We therefore, have a means of determining what the upper bound for the level of rent would be. It is the profit that capital could obtain by being advanced on a particular piece of land. Indeed, on this basis the distinction between absolute and differential rent disappears, because the basis of differential rent is that the particular fertility of the given piece of land, enables an additional surplus profit to be obtained over and above that obtained on the land which determines the market value. In other words, the total rent on any piece of land is equal to the difference between the market value, and the individual price of production, per unit of output. What the capitalist farmer buys is the use value of the land, and on more fertile land that use value is greater than on less fertile land. Consequently, they pay a higher price/rent for it. In reality, this upper bound will be set not by the whole amount of profit that can be produced, but only that which still enables the capital to produce the average rate of profit. Any rent above that level would cause the capital to be invested in some other sphere of production.

Marx effectively came to a similar conclusion, in Theories of Surplus Value, where he recognised that what is actually levied is not two separate rents, an Absolute Rent and a Differential Rent, but a Total Rent.
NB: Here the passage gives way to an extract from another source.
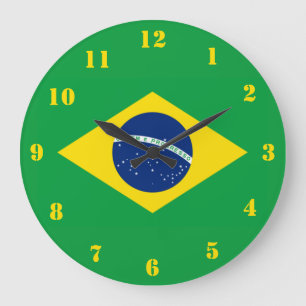 Brasilien-Flagge Weltmeisterschaft 2026 Fußball Br Große Wanduhr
Where the least fertile land, which only pays Absolute Rent, determines the market value, this separation into Absolute Rent and Differential Rent, is relatively unproblematic, but where market conditions are such that the market value is determined by a more fertile type of land, this separation of Absolute and Differential Rent, as component parts of the Total Rent, can lead to a situation where some land is unable to cover all of the Absolute Rent, but also also some land is left in a position where it would be producing a negative Differential Rent. Marx resolved this by introducing the concept of Differential Value.

It might be thought that the lower bound is set by zero, but as with the rate of interest, this is only a theoretical lower bound. In reality, the owners of these assets are concerned to obtain a revenue from them, and rates of return of near zero, do not produce the required levels of revenue. Where the owners of these assets do continue to hold them, and indeed demand more of them, despite near zero, or even sub-zero rates of interest, it is because they have become fixated, as over the last thirty years, with a search for speculative capital gain, as an alternative to revenue from these assets. Such periods of speculative frenzy, historically, have been short-lived, ending in the bursting of bubbles. It has only been the unprecedented level of state intervention, particularly by global central banks, that has enabled this period of speculative frenzy to continue for so long, via the blowing up of ever larger speculative bubbles in an increasing range of financial and other assets.  That is a direct result of the fact that the majority of private wealth is now held in the form of this fictitious capital, rather than in the form of real productive capital.  It reflects the continuing political power of that landed and financial oligarchy, whose immediate interests - to keep the nominal value of their fictitious wealth inflated - is placed above the interests of the real economy, and of their own longer-term interests.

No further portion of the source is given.